- **EXERCISE**:
Repeat every entry exactly. Do not include the pictures.

Top of RECORDED DATA

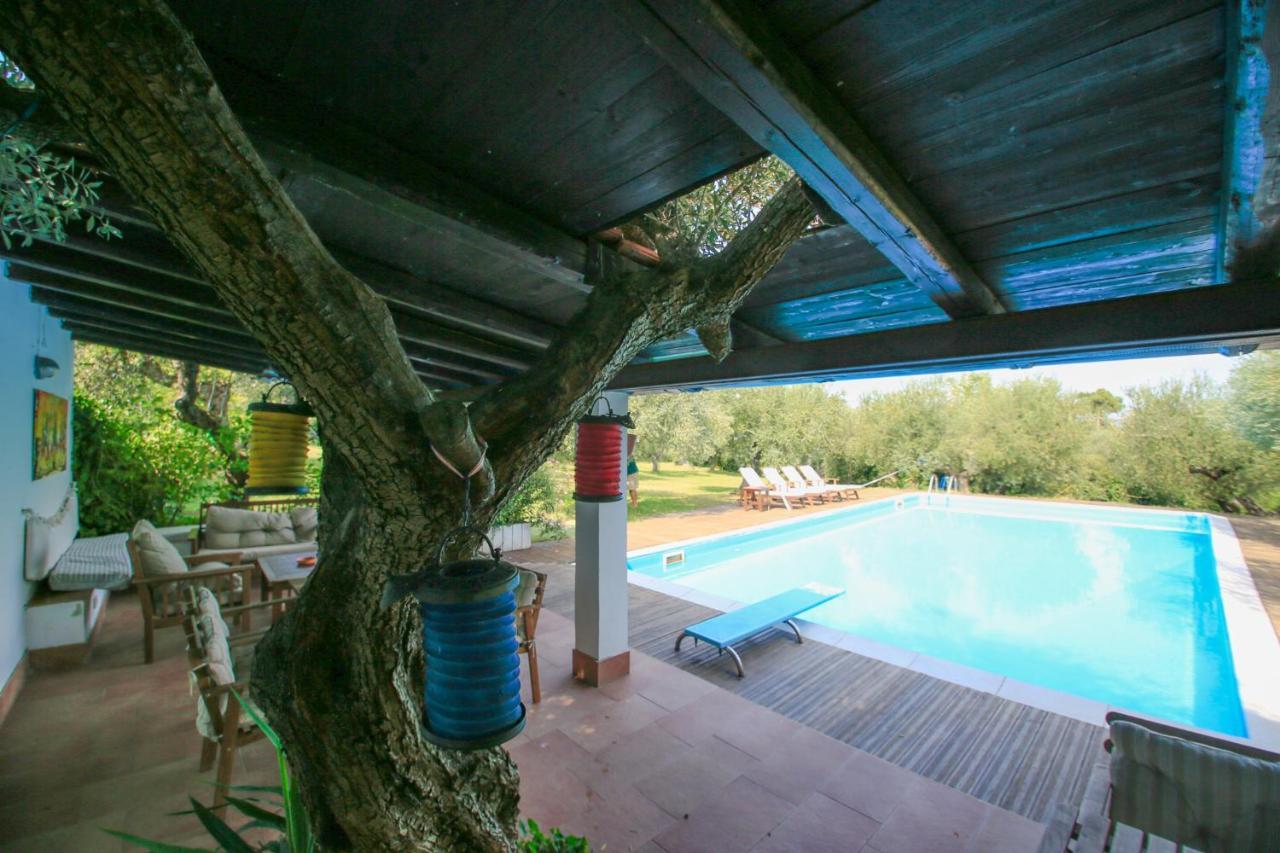B&B Arli Torrevecchia Teatina Екстериор снимка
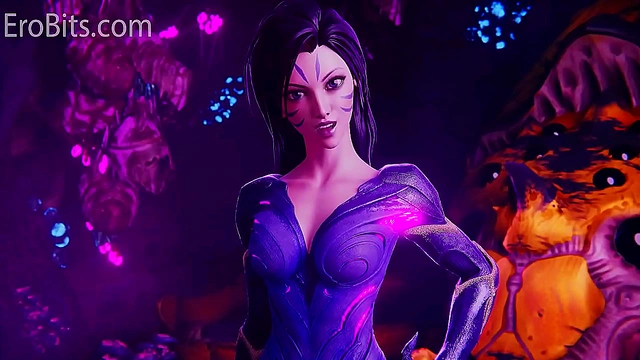 Kai'Sa from LoL Delivers Intense Sci-Fi blowjob and Mind-Blowing Anal POVOrgasm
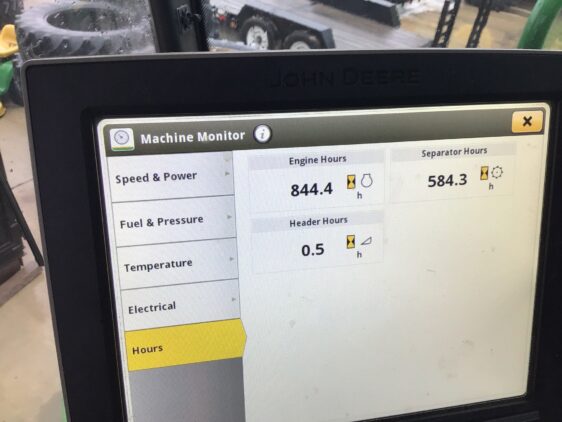 2022 John Deere S780 Hillco - Image 9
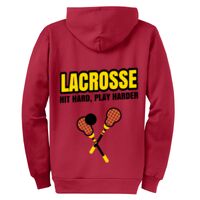 Core Fleece Full Zip Hooded Sweatshirt Thumbnail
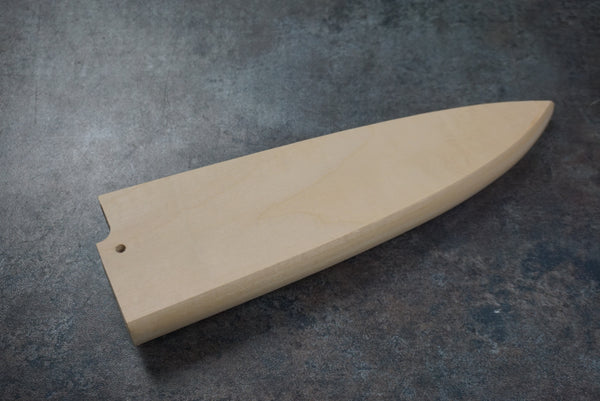 Magnolia Saya Sheath for 180mm Santoku Knife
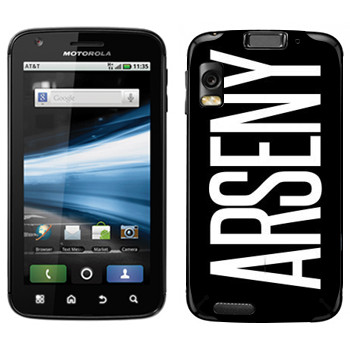   «Arseny»   Motorola MB860 Atrix 4G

Bottom of RECORDED DATA

- **ANSWER SECTION**:
B&B Arli Torrevecchia Teatina Екстериор снимка
 Kai'Sa from LoL Delivers Intense Sci-Fi blowjob and Mind-Blowing Anal POVOrgasm
 2022 John Deere S780 Hillco - Image 9
 Core Fleece Full Zip Hooded Sweatshirt Thumbnail
 Magnolia Saya Sheath for 180mm Santoku Knife
   «Arseny»   Motorola MB860 Atrix 4G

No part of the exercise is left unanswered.